This week’s federal budget revealed the government’s plan to abandon its quest for a surplus by spending tens of billions of dollars on Australia’s recovery from the COVID-19 pandemic.

“Jobs are coming back. The economy is coming back. Australia is coming back,” Treasurer Josh Frydenberg said.

“This budget will ensure we come back even stronger, securing Australia’s recovery.”

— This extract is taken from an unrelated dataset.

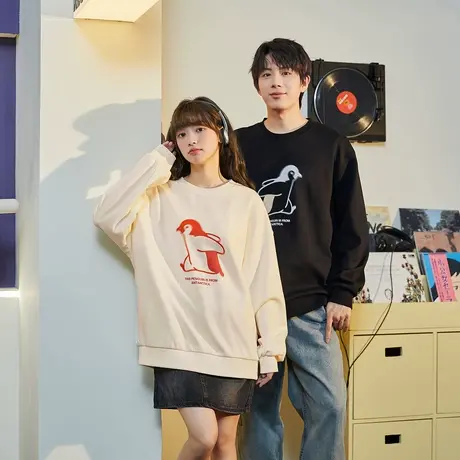 唐狮春秋季新款情侣卫衣企鹅卡通图案可爱风百搭超好看宽松时尚TE商品大图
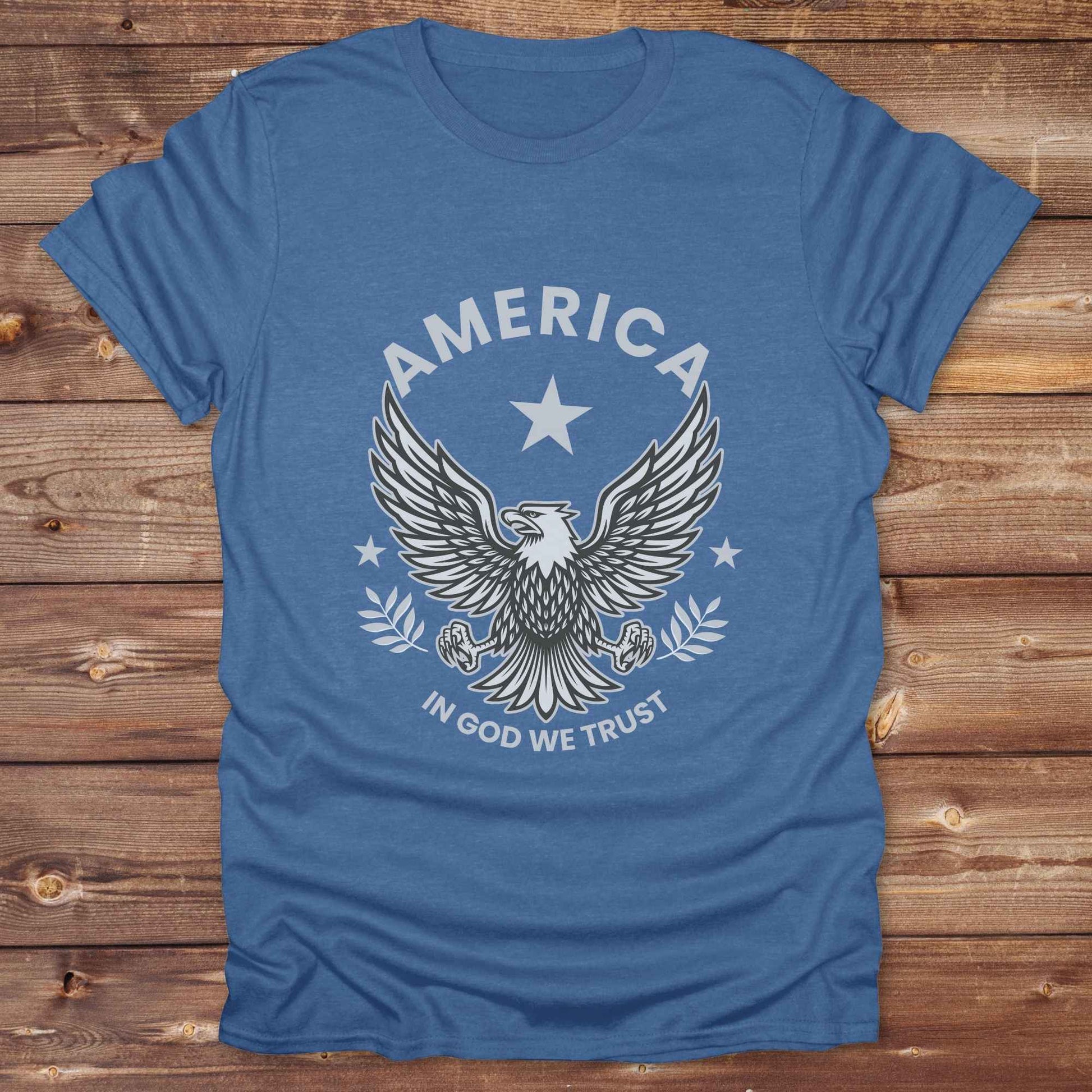 royal heather blue American Eagle T-Shirt, Cowboy Graphic Tee Western Style Shirt, Horse Lover Tee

Labor leader Anthony Albanese gave the Opposition’s traditional reply to the federal budget on Thursday night, two days after it was handed down on Tuesday.

“The Liberals offer up nothing but a showbag Budget,” he said.

“Flashy enough to sell on Tuesday night, beginning to fall apart the very next day when the reality of falling real wages, vaccination confusion, infrastructure cuts and productivity inertia become apparent.”

To help understand where the major parties stand on industry issues, ANZPJ has broken down the key details from the federal budget.


The federal government announced single parents with dependent children will be able to purchase a home with a deposit of just 2 per cent, with the government to provide a guarantee of 18 per cent of the purchase price.

The single parent housing package scheme will be available to 10,000 people over four years.

The government will also keep the New Home Guarantee for a second year, providing an additional 10,000 places in 2021-22 – first home buyers seeking to build a new home or purchase a newly built home will be able to do so with a deposit of as little as five per cent.

There has been an increase to the maximum amount of voluntary contributions made under the First Home Super Saver Scheme, which allows people to build a deposit within their superannuation fund.

An additional $124.7 million in funding will also bolster public housing stocks, and help meet social and community housing responsibilities.

Labor’s budget reply detailed a $10 billion Housing Australia Future Fund to build 20,000 new social housing properties over five years – 4,000 set aside for women and children escaping domestic and family violence, and for women on low incomes at risk of homelessness.

A further 10,000 affordable homes would be allocated to frontline workers such as nurses, police officers and cleaners.

Under Labor’s proposal, the new housing fund would be managed by the Future Fund Board of Guardians that currently manages six public asset funds – former Liberal treasurer Peter Costello is the chair of the board.


More than $15 billion over 10 years has been added to road, rail and other infrastructure projects designed to support 30,000 direct and indirect jobs.

The 10-year plan will bring spending across across all states and territories, with a $2 billion freight hub in Melbourne and a $2 billion to upgrade the Great Western Highway in New South Wales spearheading the government’s commitment to infrastructure.

Funding commitments on the Ballarat to Ouyen, Echuca to Robinvale, Green Triangle, Melbourne to Mildura, Stawell to South Australian border and Toowoomba to Seymour corridors also exist under key Roads of Strategic Importance initiatives.

Labor’s plan for job creation comes from the $10 billion Housing Australia Future Fund, with an estimated $200m going to the repair and maintenance of housing in remote Indigenous communities, $100m to crisis housing and $30m to housing for veterans experiencing homelessness in the first five years.

In total, $1.6bn will be allocated to women, $1.7bn to long-term housing and $100m to crisis housing.

Labor predict the spending will create an extra 21,500 jobs each year.


The government announced a new “patent box” which will see income earned on new patents taxed at just 17 per cent – almost half the usual rate for large companies.

Starting on July 1, 2022, the scheme will apply to the medical and biotech sectors and could be expanded to the clean energy industry.

The opposition announced plans to start a program called “Start Up Year” to drive innovation and increase links between universities and entrepreneurs.

Start up loans will be offered to students and new graduates with ventures attached to a tertiary institution or designated private accelerator.

Labor will also create a new energy apprenticeships program to train 10,000 young people for the energy jobs of the future – each will get up to $10,000 over the course of their apprenticeship.